Small stone chests, used for the secondary interment of human bones, were extremely popular among the Jewish population during the Second Temple period, i.e., between c. 40 B.C.E. and 135 C.E.. Ossuaries found by Hachlili at Jericho are dated to a more restricted time period: 10–68 C.E. They are mainly known from tombs in the vicinity of Jerusalem, but examples are known from Galilee (e.g., Nazareth), the Shephelah (e.g., Modi'in), and the lower Jordan River region (e.g., Jericho). A typical ossuary had a length of about 2.5 ft., so that it might accommodate the long bone of an adult leg, which is the longest bone in a human body. The ossuaries taper slightly toward the bottom; some stand on four low legs; they are made of soft limestone with flat or vaulted lids. Many contain scratched inscriptions on their sides in cursive Hebrew, Aramaic, or Greek, or in two languages (a few inscriptions were made with charcoal). In most cases only the name of the deceased or his family status is given, e.g., "Mother"; some inscriptions, however, are longer, e.g., "Dostos our father – do not open," or "The bones of the sons of Nicanor, who made the doors" (i.e., those of the *Nicanor gate in the Second Temple). In some cases (mostly in the burial of small children) one ossuary served for the bones of more than one body. The chests are sometimes decorated with a red or yellow wash of paint, but the usual decorations are chip-carved and chiseled decorations, with some designs executed using a compass. The surface of the ossuary was generally divided into two fields by square frames formed by a wavy line between two straight ones. The squares were filled with a rosette motif, usually with six leaves, but there are considerable variations in its form, as well as in the decoration of the surrounding surface, by the use of dots, wreaths, etc. The double-rosette motif is a very common decoration on ossuaries, and Wilkinson has suggested they might have been symbols used to invoke cherubim – the winged creatures on the inner curtain of the Tabernacle (Ex. 26:31). Some ossuaries are decorated with representations of plants, buildings, or parts of them (columns, capitals), gates. Various cross-like scratches and other marks sometimes appear on ossuaries and their lids (erroneously regarded by early scholars as Judeo-Christian symbols), and these were probably made by the stone craftsmen who carved the chests and wished to ensure their proper closure.

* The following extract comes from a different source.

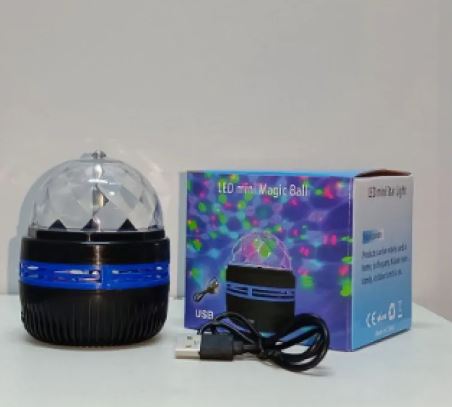 LED Star Galaxy Projector Lamp - SUPERNEOVONASUPERNEOVONA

Y. Brand, Kelei ha-Ḥeres be-Sifrut ha-Talmud (1953), ch. 12, 20; Clermont-Ganneau, Arch, 1 (1899), 381ff.; R. Schutz, in: MGWJ, 75 (1931), 286ff.; L.H. Vincent. in: RB. 43 (1934), 564ff.; Watzinger, Denkmaeler, 2 (1935); Galling, Reallexikon, S.V. Sarkophag, Ossuar; Frey, Corpus, 2 (1952), 245ff.; A.G. Barrois, Manual d'archéologie biblique, 2 (1953), 308ff.; Goodenough, Symbols, 1 (1953), 110ff.; 3 (1953), nos. 105–230; Perrot, in: Atiqot, 3 (1961), 1ff. ADD. BIBLIOGRAPHY: E.M. Meyers, Jewish Ossuaries: Reburial and Rebirth (1971): I. Singer (ed.), Graves and Burial Practices in the Ancient Period (1994); L.Y. Rahmani, A Catalogue of Jewish Ossuaries (1994); R. Hachlili and A. Killebrew, Jericho: The Jewish Cemetery of the Second Temple Period (1999); Y. Billig, "The Use of Ossuaries for Secondary Burial During the Second Temple Period," in: Judea and Samaria Research Studies, 13 (2004), 51–55; A.M. Berlin, "Jewish Life Before the Revolt: The Archaeological Evidence," in: Journal for the Study of Judaism, 36 (2005), 453ff.